Not getting a stampede doesn't mean you didn't make something amazing.
He did build something new and successful with 0x10c. That demo is amazing. Its a 3d shooter with an awesome laser gun and a _full 80s computer emulated inside of it_. And an abstraction for virtual peripherals, a virtual monitor, and a virtual 3d vector display. Its fucking awesome.
Did he make $100 million selling that? No. Does that mean it isn't awesome? No it absolutely does not. For starters, it was never for sale.
Here is a song https://www.youtube.com/watch?v=BBAtAM7vtgc that is an absolutely horrible parody of itself (intentionally, for comedic effect (we hope)) that was in the top five of the charts for its category. It sold quite a lot of downloads, purchases and products. Incredibly popular. Complete crap.
Judging the merit of something on the basis of how excited the herd gets is completely wrong.
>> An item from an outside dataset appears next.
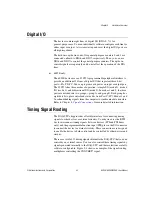 Preview for 26 page of National Instruments 6023E User Manual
You can't always catch lightning in a bottle again. And I don't envy having that hanging over the heads of oh who am I kidding I would totally love to be in the position of potentially disappointing thousands of fans when my next comic doesn't appeal to as many people as my most successful one did.
I'm sure Steve Jobs didn't care what people thought of him either. He just defaulted to "they will love what I do because I will create something great", whereas Notch seems to be more like "people are trouble, so go away." Which would probably be how I'd do it too.
That is 6 years. Minecraft has been around for 5 years. If we take the premise that Notch comes up with really good ideas once every 6 years he works on games, he'll hit this timeframe next year.
Alternately, the clock might only start from the moment he stopped personally working on Minecraft, which was in November 2011. In that case we will have to wait another 3 years for him to collect ideas.
I think that Phil Fish video that he linked really hit the nail on the head.
If he ever does create another big game, I'd expect it would be many years down the road, after he's toyed with a lot of ideas and had more than a few false starts.